Mark Scullion, futures and options broker at Eclipse International, added, "U.S. production up, Russian production up, OPEC [the Organization of the Petroleum Exporting Countries] production up, and now we have eight countries that are going to get waivers: even though we've had a whole month of lower oil prices, I'm still looking for a bit more downside."
For the record, the countries reportedly that can continue doing business with Iran include South Korea, Japan, India, and China.
Micheal Cohen, head of energy research at Barclays, was another expert who tried to distance himself from the up until recent analytical consensus that the crude market was due for a horrific tightening: he said, "in reality, the decline in exports from both Iran and Venezuela was more than offset by the increase in exports from other OPEC countries.
"Demand at $80 to $85 oil prices has started to slow, so overall we're looking at a balance for next year that actually flips back into surplus."
Marco Dunand, chief executive at Mercuria, said he wouldn't be surprised in the world's largest producers soon reverse their course of raising output and revert back to reduction: "If we start moving into the low $70s on Brent, I think some of those producers will start asking themselves whether they haven't overreacted to the earlier price rally and start considering balances."

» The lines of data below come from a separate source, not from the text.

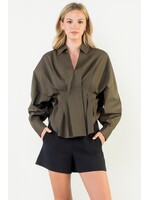 THML Collared Long Sleeve V-neck Top - THS1820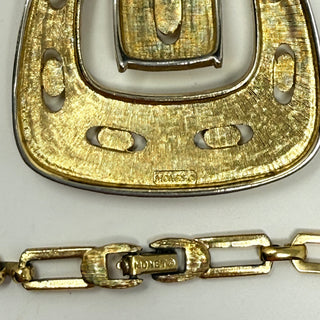 Vintage 1970s Monet Gold-Tone Link Necklace with Pendant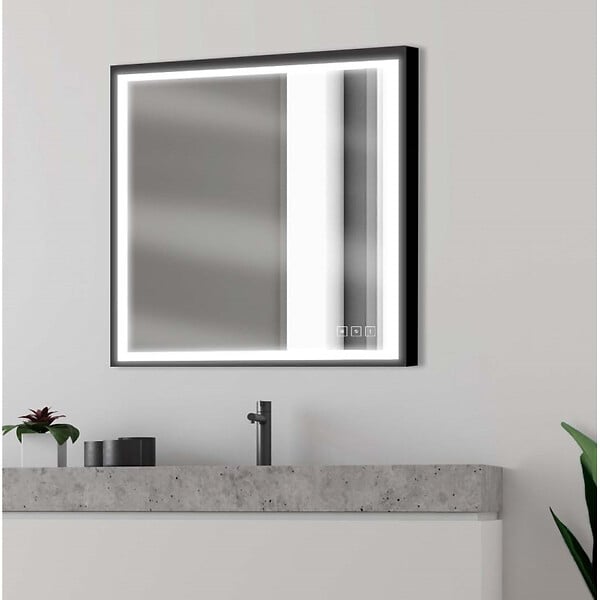 Miroir salle de bain ROND avec éclairage LED et contour noir - Ø60cm - GO  BLACK LED - Aurlane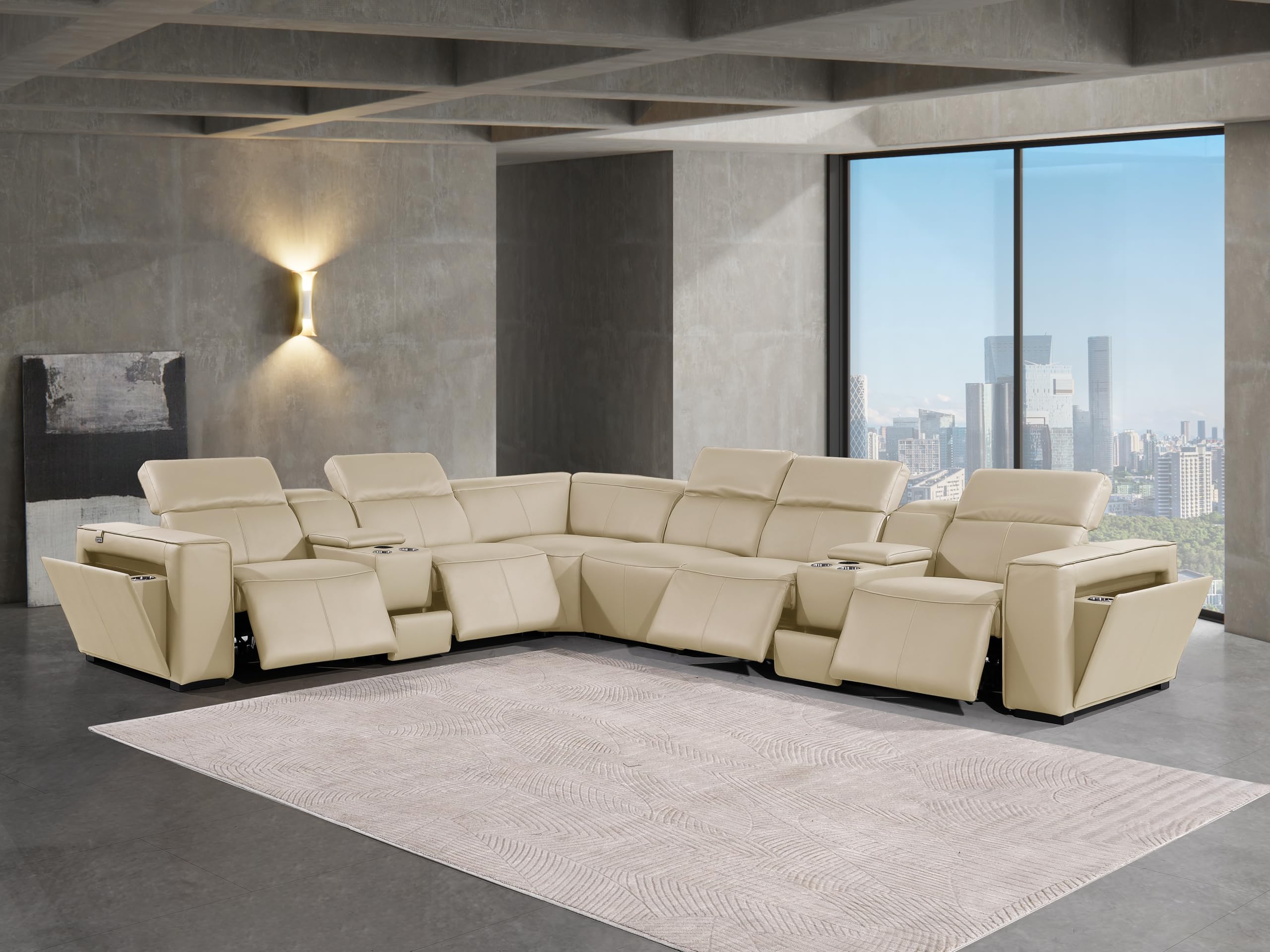 Premium Leather Modular Reclining Sectional Sofa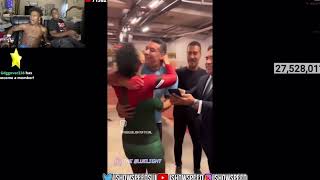 Ishowspeed reacts to him kissing Ronaldo…💀 [upl. by Bubb]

However, a brave lone voice offered a different opnion on where the market is head: Jeff Currie, global head of commodities research at Goldman Sachs, told Bloomberg television that "oil and commodities are still the best performing asset class", and that one of three reasons his bank is bullish on crude is that the market is just now beginning to see the Iranian cuts begin to impact inventories, [and] inventories are beginning to tighten."
He went on to state that "Positioning in the market is very light, and the third reason is the overall demand picture still looks good."